While marketing spring cleaning may take a bit of effort, it shouldn’t have much impact on your marketing budget. The results can help your company, brand, and marketing programs shine a little brighter.
Website
As one of your most important marketing assets, your website always needs to look and perform its best. Here are some cleaning tips:
- Purge any pages that are no longer relevant, and update those that are out of date.
- Refresh pages that play a role in your SEO efforts by updating content on those pages and making sure you are using the right keywords. Don’t forget to update meta tags.
- Check that all internal and external links are working properly, including navigation elements and links in footers.
- Review any conversion forms you have to make sure you are collecting the appropriate information from prospects and that the forms are getting delivered to the right people in your company.
- Check all other contact information on the website for accuracy.
- Make sure news items such as press releases are still relevant.
- Replace any outdated logos and product imagery.
- Review downloadable content such as white papers, presentations, and data sheets to ensure you have the most recent versions.
- Play videos from beginning to end to check for any issues.
Marketing Content
- Audit your other marketing content, including whitepapers, technical content, and videos to make sure they are up-to-date and accurate.
- Eliminate old content, lacks current messaging, or is no longer useful.

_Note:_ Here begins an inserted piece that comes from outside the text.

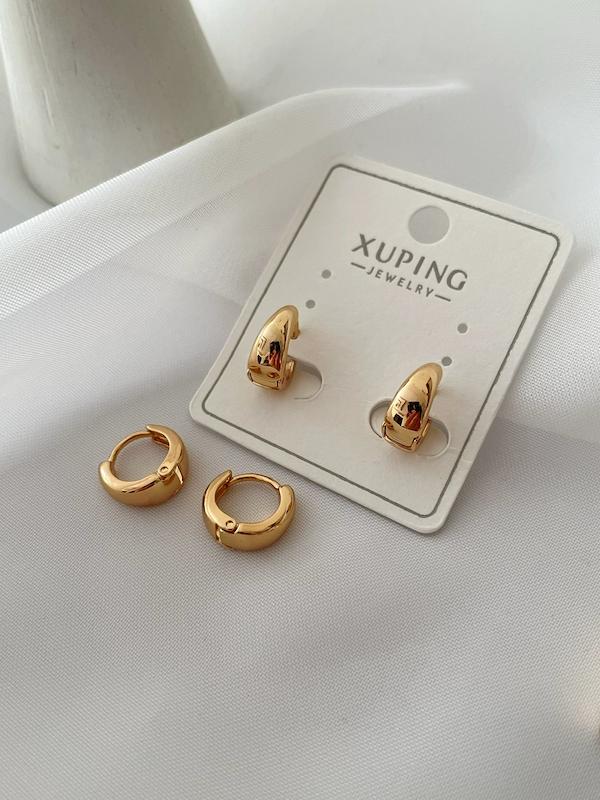 گوشواره آیینه ای ژوپینگ سایز یک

- Take note of any holes you have in your content marketing portfolio. If you don’t have the resources to create new content now, you can
- still compile a wish-list of your content needs and estimate the time, effort, and cost to get the job done.
Social Media
- Over the past few years, you may have opened accounts on a variety of social media platforms as they were introduced or became popular. If you no longer use those channels or rarely post to them, consider closing the account. If you close any accounts, don’t forget to remove those icons from your website or other locations.
- You may also choose to keep a page but make a post informing readers that the page is no longer active. You can then redirect them to your website or a page where you are still active.
- For channels you continue to use, update your company profiles for accuracy and currency, including descriptions, products, logos, imagery, and contact information.
- Review what companies and individuals you are following on social media. Stop following those that are no longer relevant. Conduct some quick research to discover any social media accounts in your industry that you should be following but haven’t yet.
- Delete any inappropriate user or spam comments on any of your social media posts. In contrast, negative comments are not necessarily inappropriate—and can often be enlightening. It is better to keep constructive criticism or negative reviews on your page, as deleting them can backfire and cause the negative poster to leave more reviews.
Programs
- Check that you are tracking the relevant metrics and KPIs for your marketing programs.
- If you take advantage of marketing hubs or product discovery solutions such as those offered by GlobalSpec, make sure your profiles, product listings, and content are accurate and up to date.
- Do a quick refresh of stale programs. For example: Update the headline in an advertisement to focus on a different benefit. Swap in new imagery for old. Change typeface and colors. Change the offer. Advertise in a different e-newsletter. Reposition an ongoing webinar.
- Contact your media partners to set up reviews of your programs and to discover any new marketing possibilities you might have overlooked.